Specifically, the NTSB ruled that a regulation prohibiting the reckless operation of aircraft (14 C.F.R. § 91.13(a)) applies to the operation of drones -- despite the FAA's release of circulars and other notices specifically discussing model aircraft operation.
This opinion overturns an earlier administrative law judge's ruling that the FAA's regulations do not apply to drones. That earlier decision is available here. I blogged about the previous decision here.
From the NTSB's ruling:
[T]he Administrator’s application of § 91.13(a) to respondent’s aircraft is reasonable. Section 91.13(a) states, “Aircraft operations for the purpose of air navigation. No person may operate an aircraft in a careless or reckless manner so as to endanger the life or property of another.” As discussed above, neither the plain language of § 91.13(a) nor the definitions of “aircraft” applicable to regulations in 14 C.F.R. part 91 exclude unmanned aircraft. The Administrator’s interpretation of this text—that it applies to respondent’s operation of his Zephyr to prohibit careless or reckless operations—is reasonable, given the broad language of the section. In addition, the Administrator’s preamble text in its Notices of Proposed Rulemaking, published in the Federal Register under the Administrative Procedure Act for promulgation of § 91.13(a), do not contain any language indicating its application of § 91.13(a) to respondent’s aircraft is an unreasonable reading of the regulation’s text and purpose. The Board has affirmed the Administrator’s application of § 91.13(a) as an alleged independent violation in other cases in which, presumably, no other regulation would have explicitly prohibited the alleged conduct. (footnotes omitted).And as to whether the FAA's 1981 Advisory Circular on "model aircraft" operation exclude these aircraft from other regulations:
Nothing in Advisory Circular 91-57, on its face, reflects any intent on the part of the FAA to exempt operators of unmanned or “model aircraft” from the prohibition on careless or reckless operation in § 91.13(a). At most, we discern in the advisory circular a recognition on the Administrator’s part that certain provisions of the FARs may not be logically applicable to model aircraft flown for recreational purposes. But nothing in the text of the document disclaims, implicitly or explicitly, the Administrator’s interest in regulating operations of model aircraft that pose a safety hazard. More importantly, the advisory circular puts the reasonable reader on notice of the Administrator’s intent to ensure the safe operation of model aircraft by appropriate means.While drones are generally quite different from traditional aircraft, the NTSB's conclusion seems correct, given the broad language of the regulation and the non-exclusive language of the advisory circular.

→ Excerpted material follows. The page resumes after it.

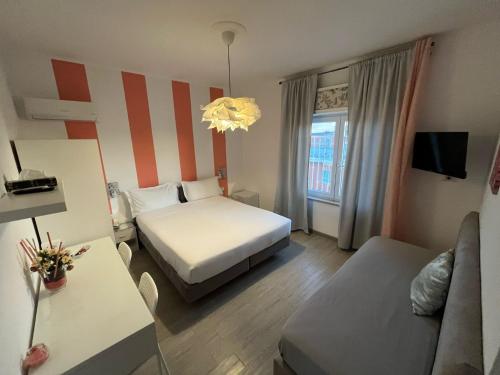 F.Rooms Napoli, Naples (photo 7)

The NTSB cites statutory and regulatory definitions of "aircraft" as "any contrivance invented, used, or designed to navigate, or fly in, the air" (49 USC § 40102(a)(6)) and as "a device that is used or intended to be used for flight in the air." (14 C.F.R. § 1.1). While this language covers a great many devices (possibly even including paper airplanes or "toy balsa wood gliders" as the administrative law judge's ruling warns), the language is nevertheless clear.

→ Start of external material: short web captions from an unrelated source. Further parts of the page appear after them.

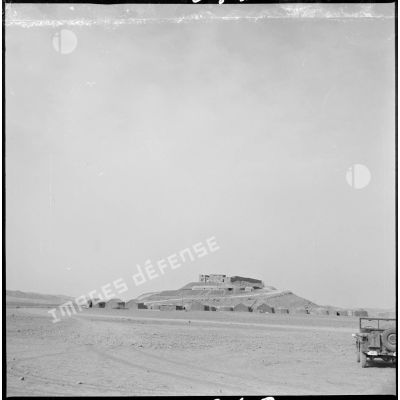 Reportage effectué lors d'un déplacement d'Arthur Smet entre le Kreider et Ain Sefra.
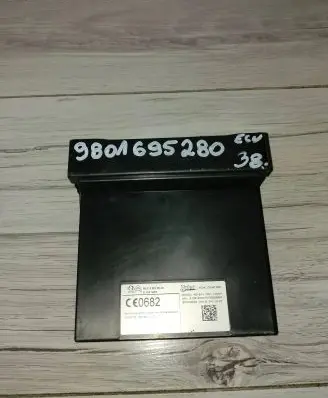 Peugeot 508 Engine control unit/module 9801695280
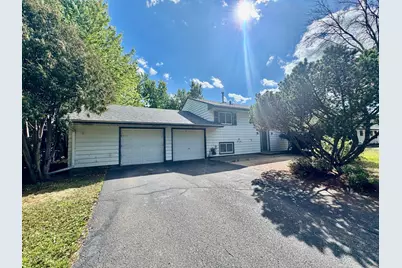 2001 Yellowstone Trail, Brooklyn Park, MN 55444 - Photo 1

It is worth adding that even though I think the NTSB's reading is correct, that does not mean that I necessarily agree that regulations applying to full-sized, manned aircraft ought to be applied to drones. I think that the administrative law judge was correct to note the broad definition of "aircraft" for purposes of federal law and regulation -- but I don't think that the law's unintuitive breadth is a sufficient reason to disregard the plain meaning of the text.
The NTSB's ruling will almost certainly accentuate the need for specialized drone regulations. And it may have a secondary effect of prompting awareness and criticism of how far a broadly-worded federal law may extend.